Israel, for its part, has claimed to be working to reopen the Strait of Hormuz, with Prime Minister Netanyahu asserting that Israeli forces were helping to secure the waterway [3]. The credibility of that claim remains uncertain, given that insurance companies—not navies—ultimately determine whether commercial shipping resumes.

What Comes Next

The immediate question is whether Iran's Gulf campaign intensifies or whether the escalating economic costs create enough pressure to bring parties to the negotiating table. Iran has demonstrated both the will and capability to sustain strikes on Gulf infrastructure over multiple days.
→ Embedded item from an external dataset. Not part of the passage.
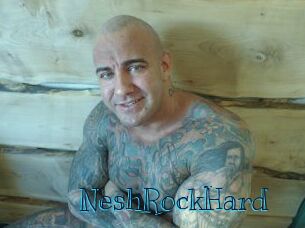 NeshRockHard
The Gulf states have so far absorbed the damage without retaliating, but that restraint is being tested with each successive attack.

The broader 2026 Iran war—now entering its fourth week—shows no signs of a ceasefire. US and Israeli strikes continue on Iranian military and governmental targets, while Iran expands its asymmetric campaign across the Gulf. The Mina Al-Ahmadi refinery, still smoldering as firefighters worked to contain the damage on Friday, stands as a physical testament to the widening costs of a conflict that has drawn in nearly every nation in the region.

For global energy consumers, the arithmetic is unforgiving. Strategic petroleum reserves can buffer prices temporarily, but they cannot replace the 20 million barrels per day that once flowed through the Strait of Hormuz. Until either the strait reopens or the war ends, the world's energy markets remain hostage to the next Iranian drone launch.